CHAPTER ONE SECTIONS ONE & Two

 

1.  Discuss the first European settlements in North America and the hardships SETTLERS faced.

ANSWER:

3-The First European settlements in North America were the Spanish in California and Florida, the British Colonies in Massachusetts, Virginia, and Carolina, the French outposts in Canada and along the Ohio River, and the Dutch in New Netherlands.  These early settlements all faced similar problems.  First was finding enough food until they could get regular farm production.  Second was dealing with the natives who after initially welcoming them began to resist their presence and try to kill them.  Third was the climate and geography which was harsh winters and soil that required a lot of rock and tree removal before it could be used for farming.

4-Major settlements that survived were Santa Fe, St Augustine, Plymouth, Jamestown, Raleigh, Quebec, New Orleans, and New Amsterdam (New York).  The Europeans often attacked each other such as the English capture of New Netherlands, the fighting over St Augustine, and the Spanish raids on Jamestown.  Some settlements failed, most notably Roanoke.

 

2.  Identify the importance of the legislature in Virginia.

ANSWER:

3-The House of Burgesses was established to allow land owning colonists the right to govern their affairs.  This was done to attract more settlers.

4-The House of Burgesses set an example for representative government and other colonies soon set up their own legislatures

 

3.  Explain why each of the Middle Colonies was settled.

ANSWER:

3-The Middle Colonies of New York, Pennsylvania, New Jersey, and Delaware were initially controlled by the Dutch.  New York (New Amsterdam) initially attracted the Dutch and then British interest because of its potential for wealth because of the harbor at the mouth of the Hudson River.  Pennsylvania was established as a Quaker refuge from persecution in England.  The Middle Colonies attracted many non-English settlers from Germany, Holland, and Sweden.

4-The Middle Colonies were able to produce large quantities of wheat and other cash crops.  The Middle Colonies had a reputation of religious tolerance which attracted many settlers.


 

4.  Explain the growth of population, agriculture and trade in the colonies.

ANSWER:

3-Population grew because of three reasons: Religious tolerance, potential for wealth, and people in the colonies were having more children.  Agriculture grew in the middle colonies because of crops like wheat and tobacco.  In New England subsistence farming proved a way to support settlers.  The southern colonies began growing tobacco, rice, and sugar relying on slave labor for large scale farming.  Trade revolved around three areas: Europe, Africa, and the Americas (North America and the Caribbean).  Raw materials and rum passed from America to Europe in exchange for manufactured goods.  The goods along with rum went Africa to procure slaves.  The slaves and goods went to the Caribbean and then sugar and molasses went to America along with some slaves (mostly to the south) and the goods.  This became known as Triangular Trade.

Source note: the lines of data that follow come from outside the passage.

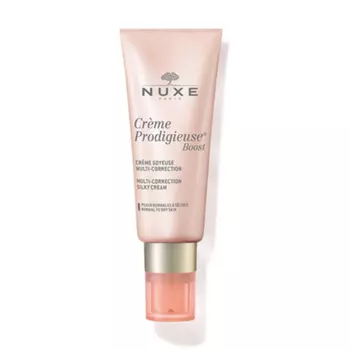 Nuxe Мультикорректирующий крем для лица Multi-Correction Silky Cream, 40 мл (Nuxe, Creme Prodigieuse)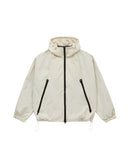 Gop Zipper Detail Windbreaker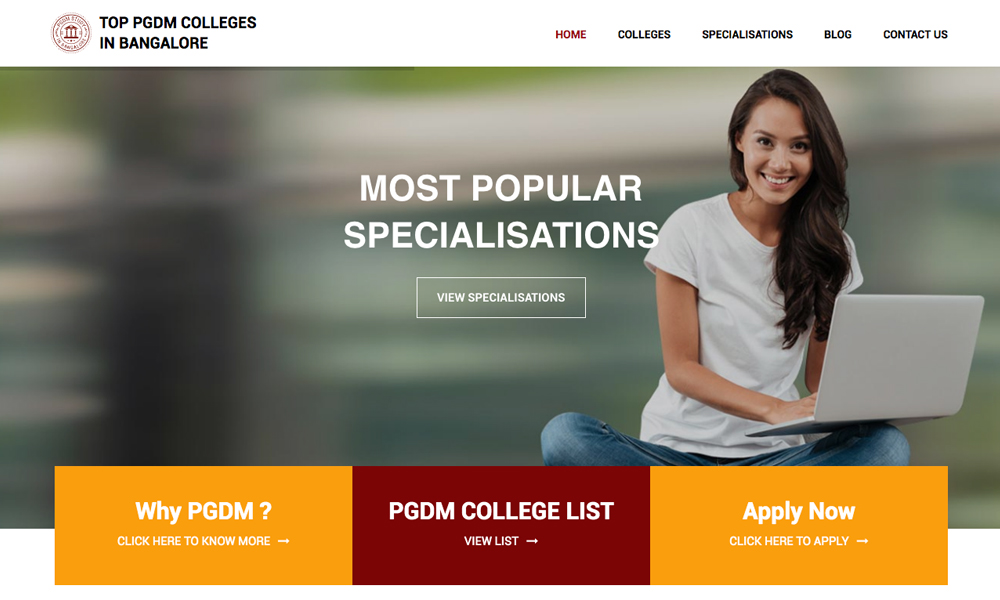 Top PGDM Colleges In Bangalore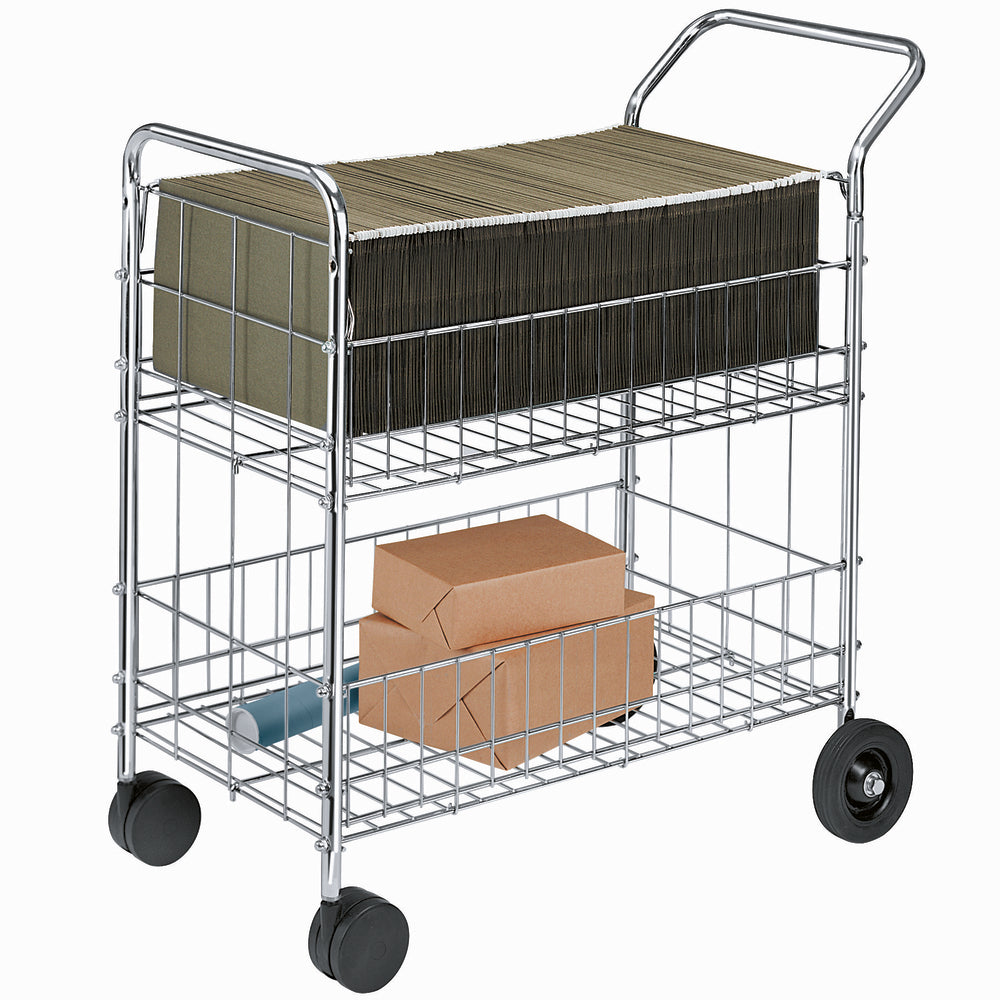 Fellowes Steel Mail Cart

4-New England produced large quantities of wood and ship build was there largest industry.  Indentured slaves were first used in the south until cheaper and more plentiful slaves from Africa became available.  A great debate arose about the use of slaves with the northern states believing it to be wrong and the southern states seeing it as nothing that hadn’t happened before as a legitimate way to make money.

 

 

5.  Identify the influence of religion and education on American culture.

ANSWER:

3-Religion played an important part in early America first because many pilgrims had come here.  By the 1740’s a religious rebirth called the Great Awakening occurred where ministers called for a return to strong faith.  This strength of faith combined with a freedom to choose one’s religion weakened the strength of established state churches like the Anglican and Catholics.  Education was closely related to religion because the first colleges were established to train ministers.  New England placed a strong emphasis on education of children in most communities.  The Middle Colonies had a wide spread of schools but less than New England.  In the South education was mostly for wealthy landowners.  Along with schools; books, newspapers, and almanacs spread knowledge that was both practical for daily use and informative about ideas of the Enlightenment.

4-A Baptist preacher said during the Great Awakening: “the common people now claim as good a right to judge and act in matters of religion as civil rulers or the learned clergy.”  The Great Awakening united the north and south and paved the way for revolutionary fervor and political ideas during the struggle for independence.  One idea that became popular was the belief that the ultimate source of power for a government was the people.